During the annual meeting “Incorporation was presented as the preferred alternative,” says Behan, adding that there is a lot of preparation and property owner education that will be required of the POA before incorporation ever becomes an option.
However, the special area designation is largely recognized as being the first step in that process. Even if the county grants the designation, Behan knows the subdivision is a long way from incorporation.
In order for Crested Butte South to incorporate, a measure would have to be included on the ballot and passed by a simple majority of all county voters in a November election.
“It will take much more time to see if there are enough of those people [who support the idea] to pursue incorporation on the ballot,” he says. “I think it would be super ambitious to say that it would be on the ballot in 2010.”
If the measure passes, the newly formed government would decide what taxes to levy, such as sales and property taxes. That would be voted on by the town’s residents in November of the next odd-numbered election year.
According to Behan, the dues that property owners now pay to the POA would be incorporated into the total tax on a property. One mil is equal to $1 of taxes paid for each $1,000 of a property’s assessed value.
In 2008, the budget for an unincorporated Crested Butte South was just over $217,000 and, according to the report, if incorporation were to occur the budget would need to be between $750,000 and $1.2 million, depending on the scenario.
Currently, dues for property owners are arranged in three set tiers: $111.45 paid annually for vacant lots, $222.81 paid annually for residential lots, and $459.64 for commercial lots.

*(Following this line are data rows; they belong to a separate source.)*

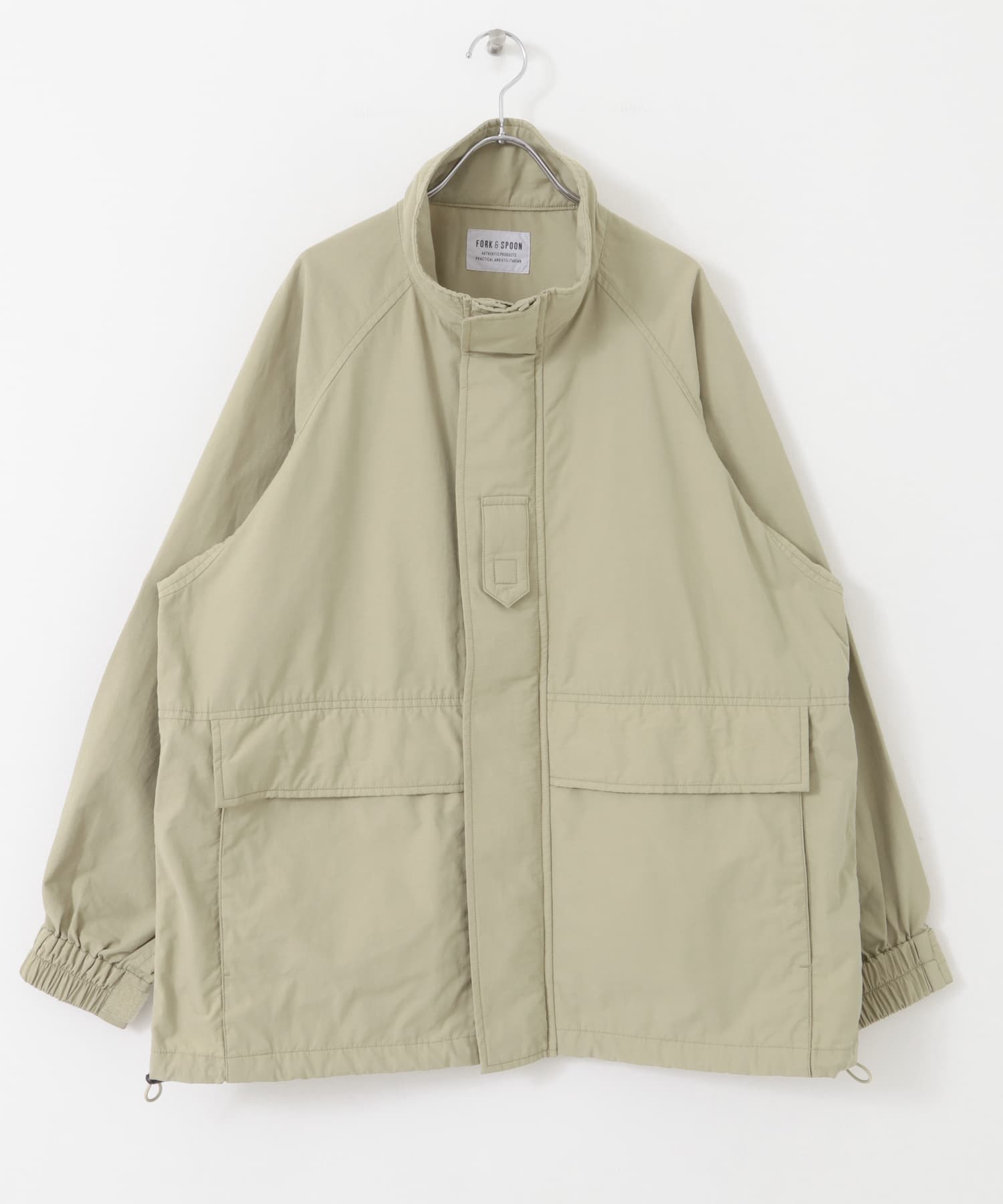 FORK&SPOON　スタンドカラーブルゾン BEIGE 4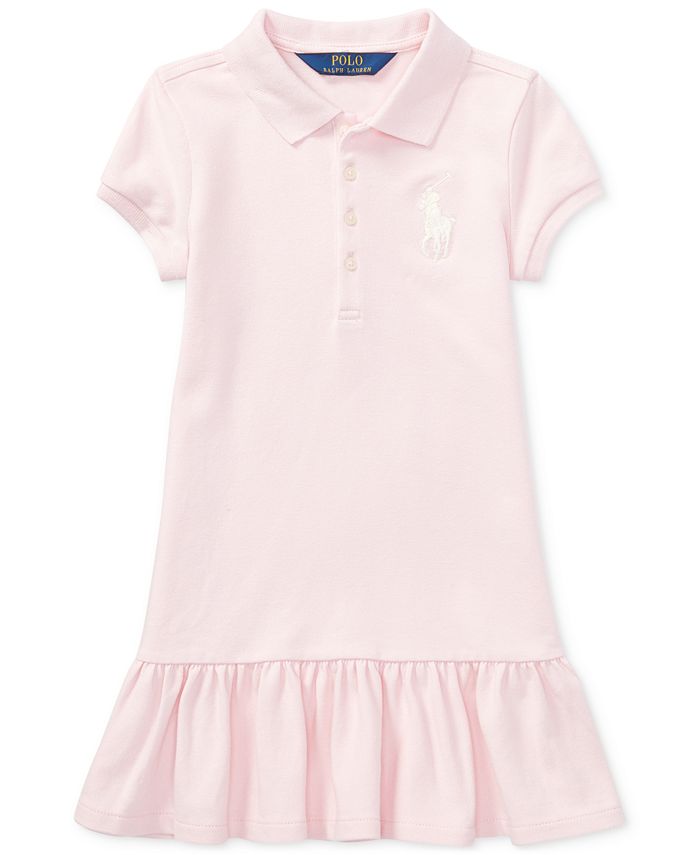 Polo Ralph Lauren Ralph Lauren Mesh Dress, Little Girls - Macy's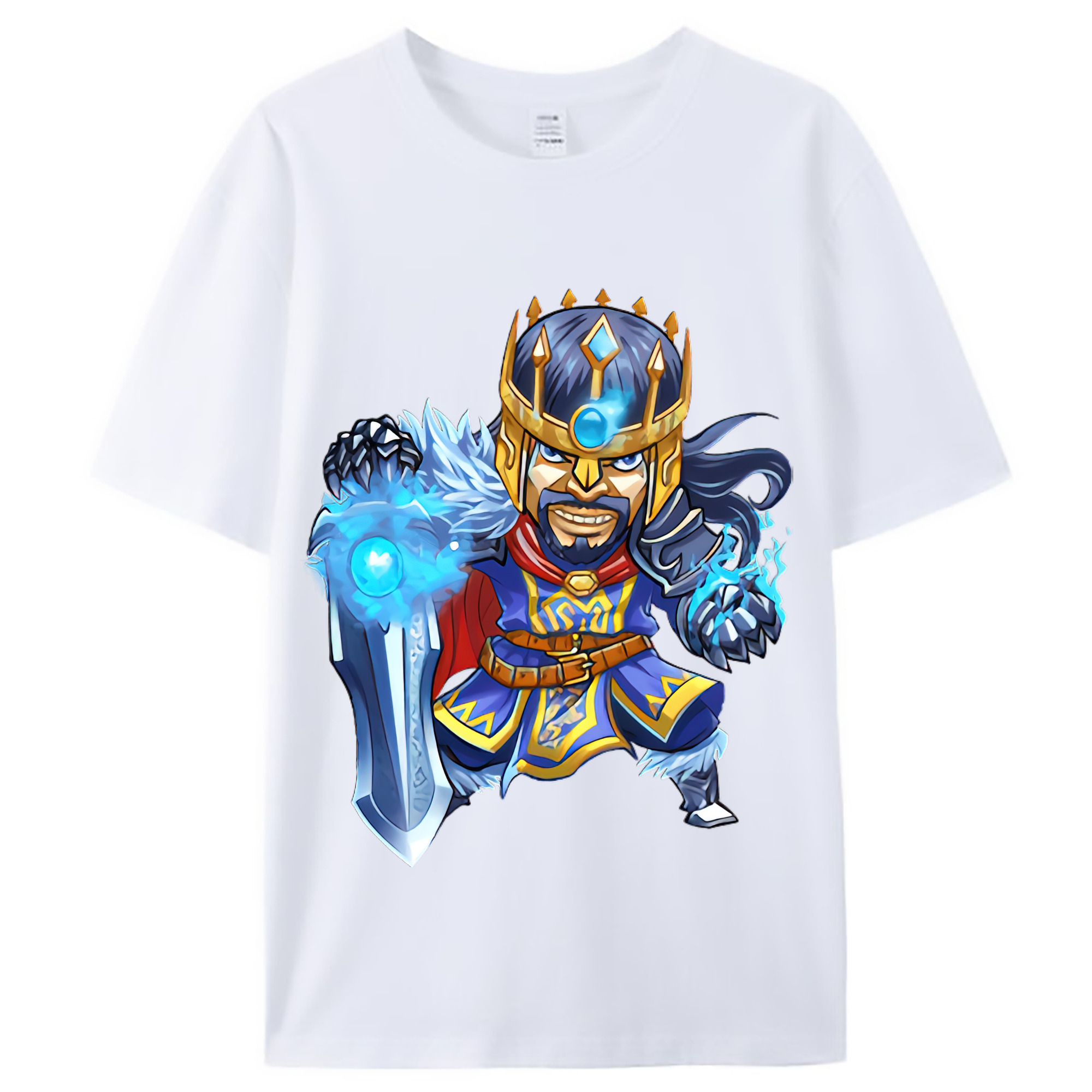（画像用） リーグ・オブ・レジェンド League of Legends LOL レディースカジュアルプリントTシャツ（綿100％）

In addition to what property owners currently pay in taxes, Behan says at least five mils would be added on to cover the costs of running the town.
By becoming a town, Crested Butte South would take on many of the costs now handled by the county, like maintaining government buildings and infrastructure as well as taking on the cost of maintaining a staff.
According to the report, the objective for an incorporated Crested Butte South would be to “create a modern, full-service community but not a full-service government,” meaning that the existing inter-governmental agreements (IGA) for fire and police protection would continue, eliminating the need for additional layers of government to provide those services.
“We wouldn’t have our own police, or our own fire or water and sewer. The Metro District and the IGAs that cover emergency services would stay and that would eliminate a lot of additional cost,” says Behan.
By saving the cost of incorporation through those types of “efficiencies,” the town would have more money for the amenities.
“We can’t pave the rest of the sidewalk because we need another $60,000. But as a municipality we would have the opportunity to have more and different income streams to pay for that kind of stuff,” Behan said.
One of those income streams is sales tax, which Behan says could offset the mil levy increase that would be needed to start the town and possibly even eliminate it, if more businesses could be attracted into the area. Last year, there were $3 million in transactions in Crested Butte South, which a municipality could tax.
Currently, Gunnison County collects 1 percent in sales tax with an additional 2.99 percent going to the state. No revenue is dedicated to Crested Butte South itself.
In addition, if Crested Butte South were to incorporate, it could supplement its income with grants, fees on licenses, permits, franchises and other things.
“What I think it boils down to is income opportunities and the way things are set up. By incorporating, we’ll be able to collect income tax and property tax and we’ll be able to go after some of the government grant monies that people are not going to get themselves,” says Behan.
The next step toward the incorporation of Crested Butte South is a special area designation, which will be decided by the County Commissioners at their regular meeting on September 2.